The Metabolomics Workbench Data Repository is a publicly available resource for metabolomics experimental data collected from mass spectrometry (MS) and nuclear magnetic resonance (NMR) analytical platforms and associated metadata describing sample and analytical details as well as experimental design (Sud et al. 2016). Study-specific experimental data and metadata can be accessed via metabolomics workbench in the form of ‘mwTab’ formatted files as well as through a representational state transfer (REST) interface.

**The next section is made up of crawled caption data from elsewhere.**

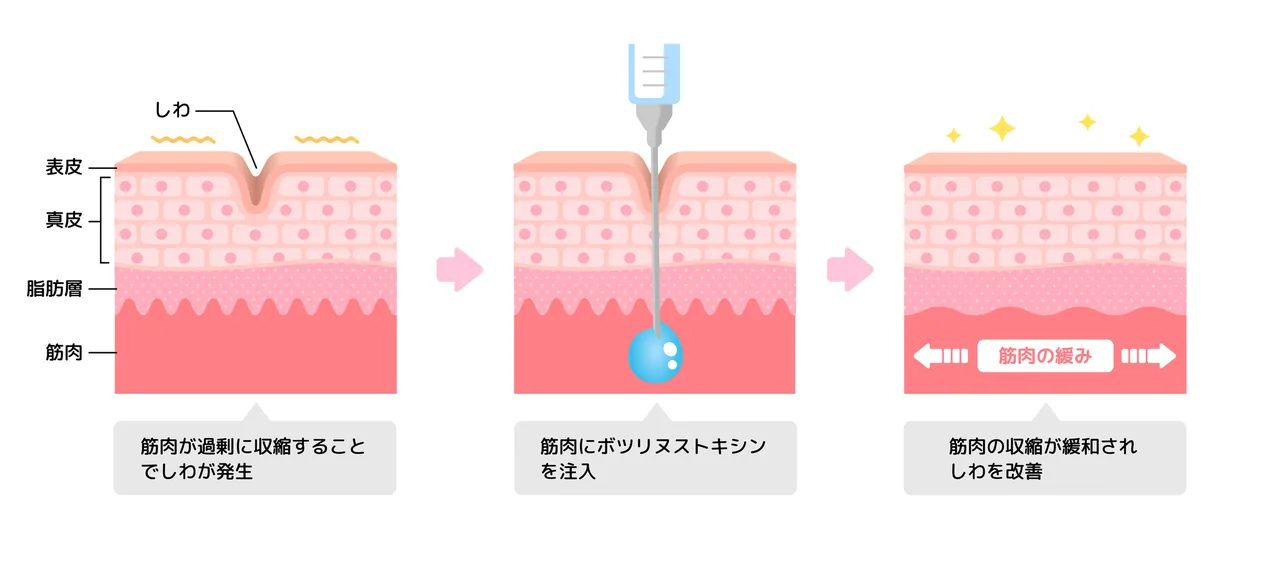 ボトックス注射によるシワ改善のメカニズム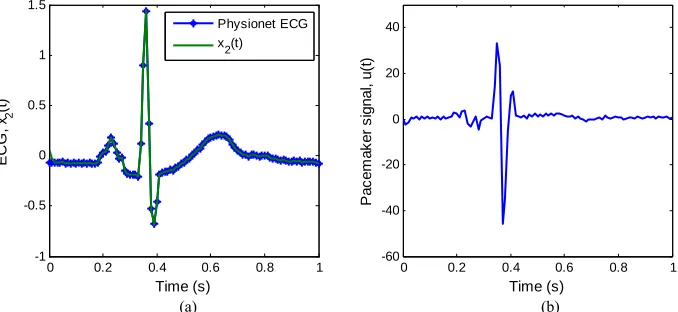 Figure 4. ECG tracking simulation results for the 2nd-order heartbeat system. (a) ECG tracking; (b) Pacemaker signal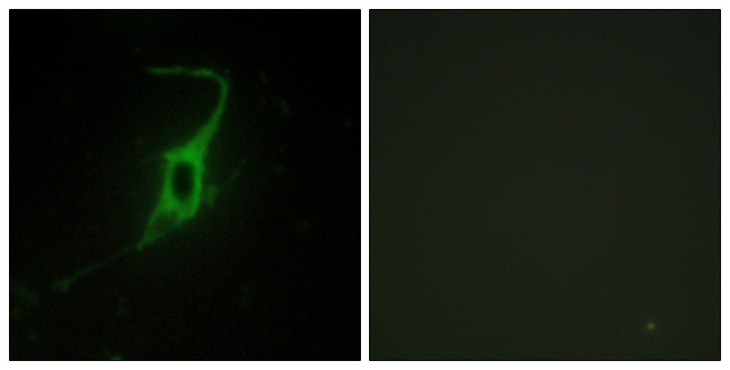 CDH20 / Cadherin 20 Antibody - Immunofluorescence analysis of NIH/3T3 cells, using CDH20 Antibody. The picture on the right is blocked with the synthesized peptide.
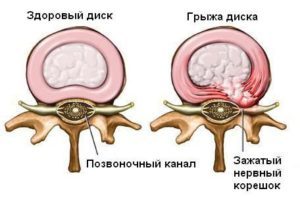 Грыжа поясничного отдела позвоночника: симптомы и лечение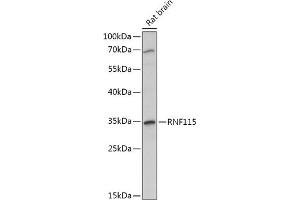 Western blot analysis of extracts of Rat brain, using RNF115 antibody (ABIN7270056) at 1:1000 dilution. (RNF115 Antikörper  (AA 30-140))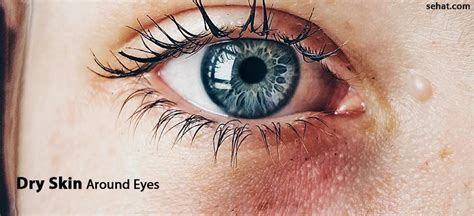 Dry Skin Around Eyes- Causes And Home Remedies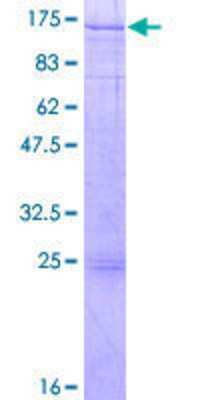 12.5% SDS-PAGE Stained with Coomassie Blue.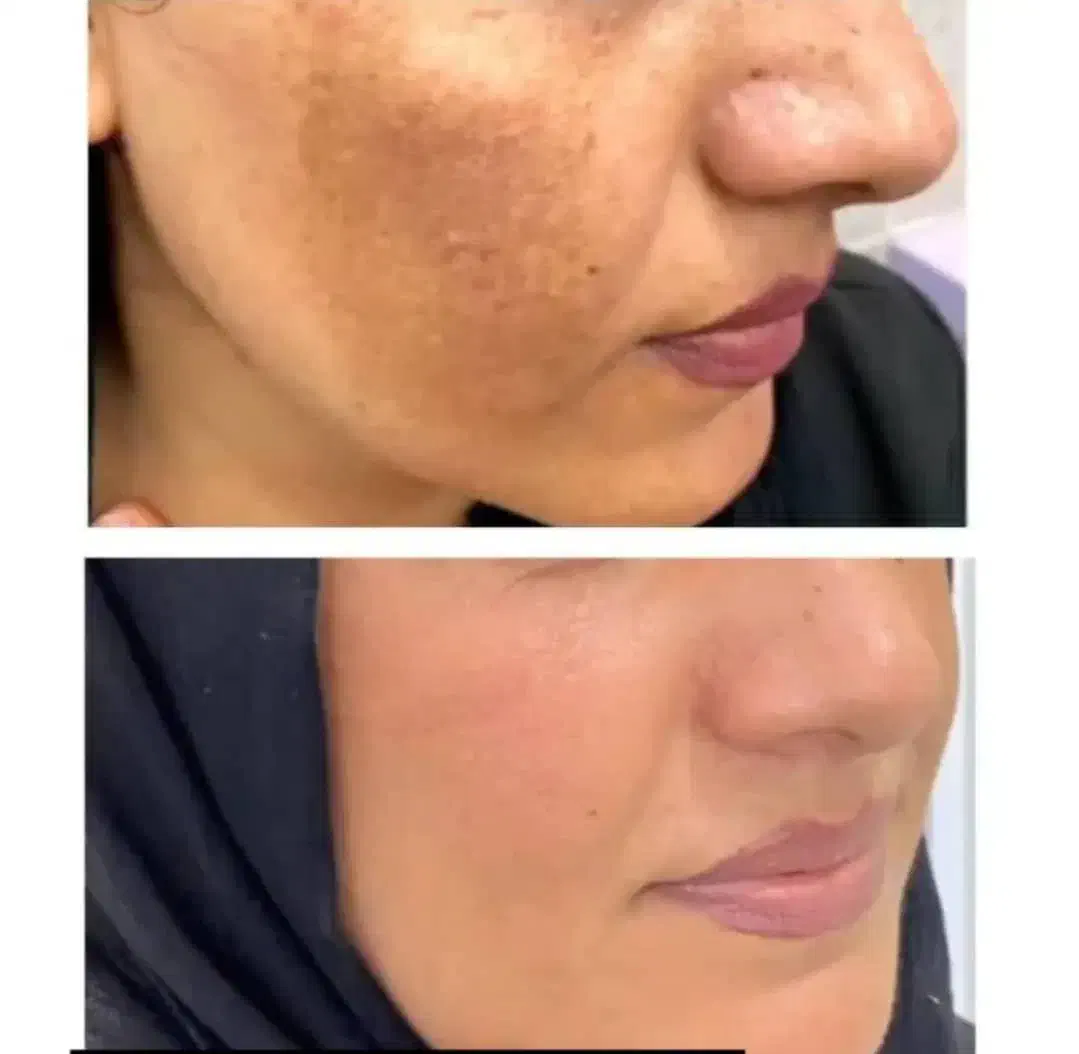 کرم اماراتی عصل مروه گلی|آرایشی، بهداشتی، درمانی|میبد, |دیوار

The repository currently makes available over 630 individual ‘mwTab’ files from MS- and NMR-based studies, each file having an associated study id (non-unique identifier) and analysis id (unique identifier). The metabolomics workbench provides an official data format specification (“mwTab format specification.”—Available at: for the ‘mwTab’ format, which consists of sequentially ordered blocks (sections) of text data. Some of the blocks consist of data represented by ‘single key to single value’ relationships that store single pieces of information. Other blocks consist of multiple ‘tab’-separated values via ‘single key to multiple values’ or ‘multiple keys to multiple values’ relationships that store multiple pieces of information in an organized manner analogous to a relational table.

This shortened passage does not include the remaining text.